LIQUIDITY AND CAPITAL RESOURCES:

 

The Corporation manages its liquidity at both the parent company and subsidiary levels. The objective of liquidity management is to ensure the Corporation has the continuing ability to maintain cash flows that are sufficient to fund operational needs and meet obligations and other commitments on a timely and cost-effective basis. The parent company requires cash, as needed, for the payment of dividends on its common stock, principal and interest payments on borrowings, settlement of income tax payments, and, as appropriate, repurchases of its common stock. The principal asset of the parent company is its investment in the capital stock of the Bank. Since the parent company does not generate any significant revenues independent of the Bank, the parent company’s liquidity is dependent on the extent to which it receives cash distributions from the Bank and the extent to which it is able to borrow funds. The parent company also receives funds from the Bank, or pays funds to the Bank, for income taxes of the parent company as provided in the corporate tax sharing agreement. In addition, the parent company also receives cash from the exercise of stock options by employees and directors.

 

The Bank’s ability to pay cash distributions to the parent company is dependent on its ability to generate earnings and is subject to a number of regulatory restrictions and tax considerations. Capital distribution regulations of the OTS, as defined, allow the Bank to pay capital distributions during a calendar year upon notice to the OTS. These capital distributions are limited to the sum of 100% of the Bank’s retained net income (defined as net income determined in accordance with generally accepted accounting principles less total capital distributions declared) for the current calendar year plus the Bank’s retained net income for the preceding two calendar years. Capital distributions in excess of such amount require the submission of an application for approval from the OTS. At June 30, 2005, the Bank’s total distributions exceeded its retained net income by $90.4 million under this regulation thereby requiring the Bank to file an application with the OTS for any capital distribution.

 

On May 9, 2005, the parent company completed the repurchase of its common stock authorized by the Board of Directors in November 2003 by repurchasing the remaining 1,466,800 shares under this authorization during the six months ended June 30, 2005. On May 10, 2005, the Corporation publicly announced the Corporation’s Board of Directors approval on May 9, 2005, to repurchase 1,500,000 shares of its common stock to be completed by December 31, 2006. During the six months ended June 30, 2005, the Corporation repurchased 56,200 shares under this authorization and as of June 30, 2005, there remained 1,443,800 shares of the Corporation’s common stock to be repurchased.

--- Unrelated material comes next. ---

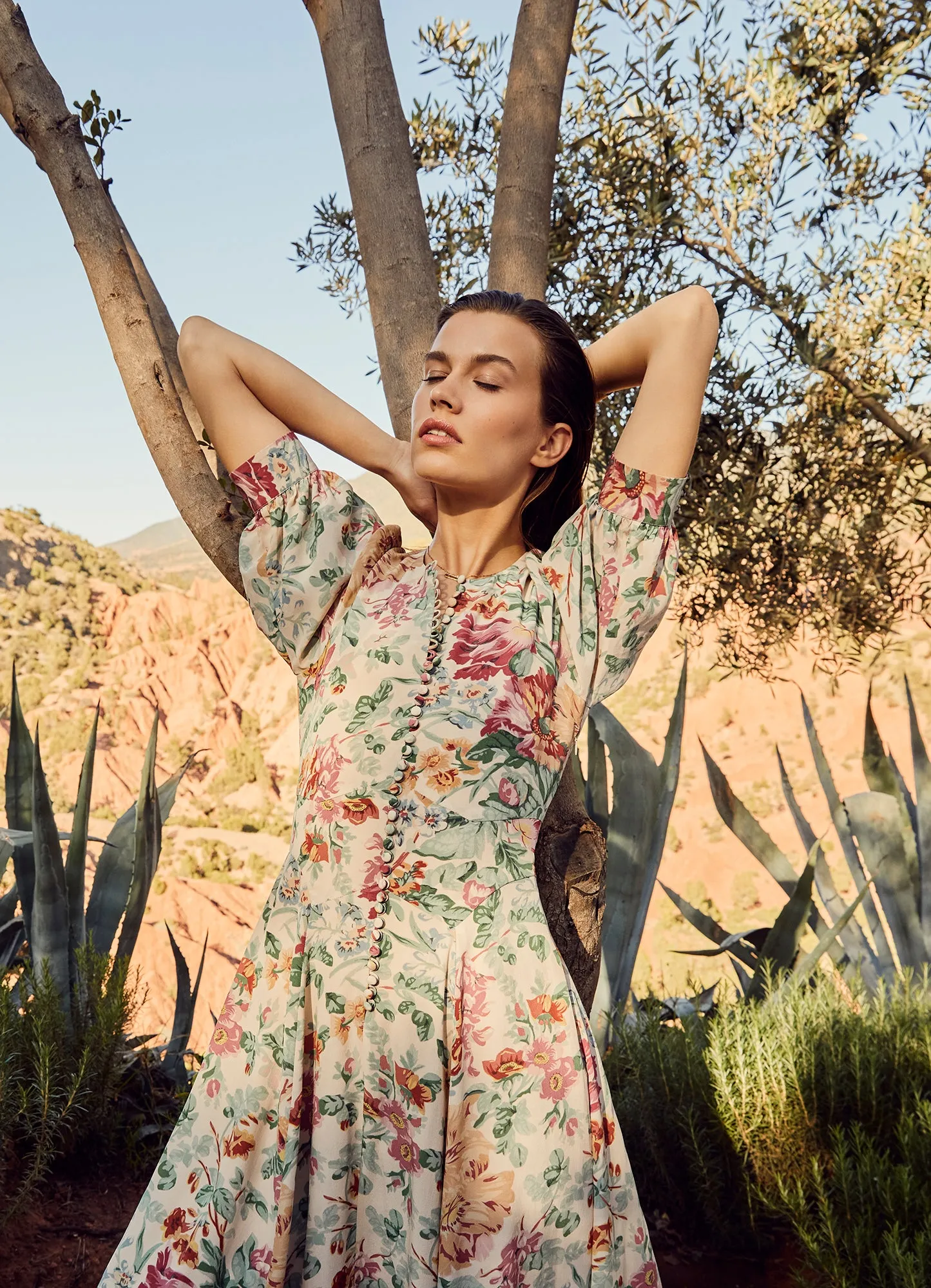 Eden Floral Dress sold by Beulah product image thumbnail 5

However, during the 2005 second quarter the Corporation suspended its repurchase program due to the planned merger with Bank of the West. The merger agreement contains a covenant prohibiting the Corporation from repurchasing its common stock.

 

On March 30, 2005, the parent company issued $20.6 million of floating-rate junior subordinated debt securities through Commercial Federal Capital Trust III which was formed for the purpose of issuing capital securities to unrelated investors and for investing the proceeds thereof in these junior subordinated debt securities. On March 31, 2005, the parent company used the proceeds to infuse $20.0 million of capital into the Bank.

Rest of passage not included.